High Rates and High Leverage: Negative Credit Rating Actions Will Likely Continue for Weaker Private Credit Borrowers
Services, Consumers, IndustrialsSummary
DBRS Morningstar’s private credit group maintains private credit ratings on a portfolio of approximately 300 higher-leveraged corporate issuers throughout North America and Europe. The group mainly covers private equity-backed companies with operating earnings ranging from approximately USD 10 million to USD 100 million. This commentary provides an updated outlook for the rated portfolio.
Key Takeaways:
-- Higher interest rates and a weakening ability to pass through price increases are resulting in a ramp-up in negative rating actions for weaker private credit borrowers, and we expect this trend to continue.
-- However, payment defaults within our rated portfolio remain below the broader average for public and private companies in the deep non-investment-grade segment (i.e., B credit rating quality and below), likely due to relatively strong credit profiles and tight, supportive management by private equity sponsors and private lenders.

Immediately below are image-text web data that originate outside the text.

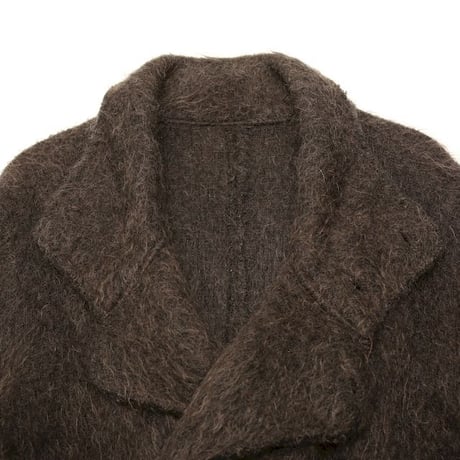 Kid Mohair Blend Knit Coat Made in Italy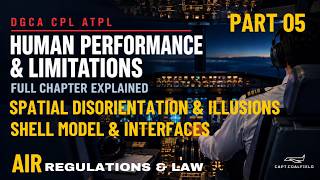 Human Performance Part 5 | Spatial Disorientation, Illusions & SHEL Model | DGCA CPL ATPL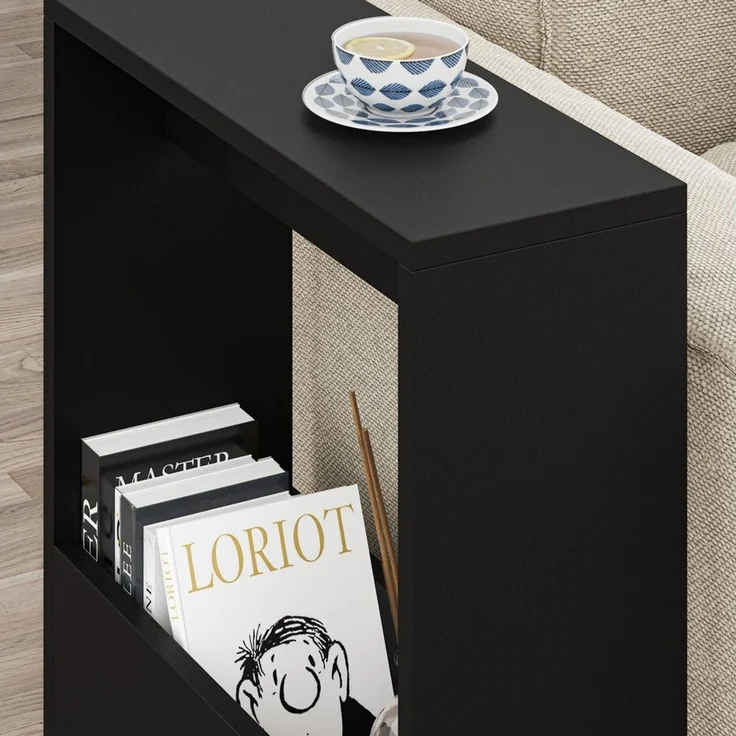 Decortie Beistelltisch Simpi (pack), Moderner Beistelltisch, Mehrzweck mit Kreativität, 55 x 20 x 60 cm – Bild 2
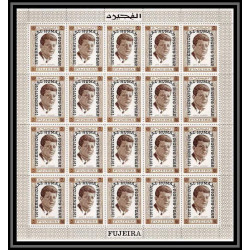 299j - Fujeira MNH ** Mi N°A 374/380 A overprint De gaulle Kennedy churchill pape pope adenauer feuilles sheets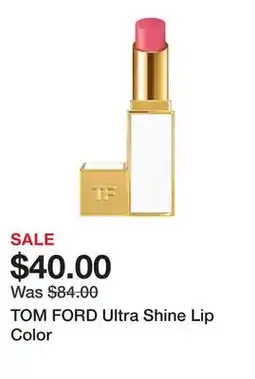 Sephora TOM FORD Ultra Shine Lip Color offer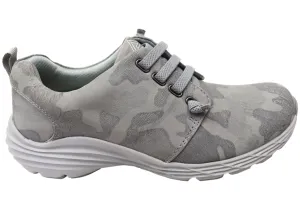Campus Fit Align Velocity Womens Slip On Leather Comfortable Arch Support Shoes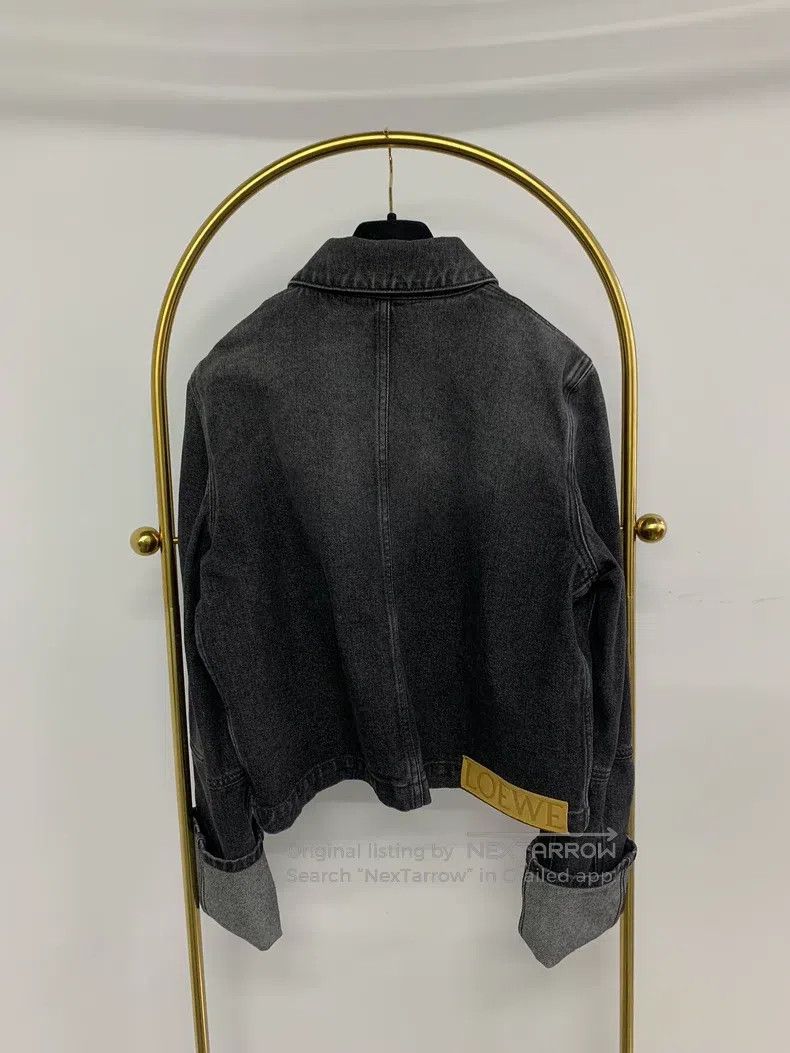 Loewe Loewe Classic style black and gray washed denim jacket Size XS / US 0-2 / IT 36-38 - 3 Thumbnail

-- A significant deterioration in projected liquidity resources and interest-paying ability in the next 12 months would signal that negative rating actions may accelerate.
“We expect ratings for weaker private credit issuers to move further down the rating scale in the current environment, pressured by high interest rates and lower margins,” said Jordan Kremblewski, Vice President, Private Credit Group at DBRS Morningstar. “We have seen an increase in negative rating actions as a percentage of rating changes to 65% in the year-to-date period.”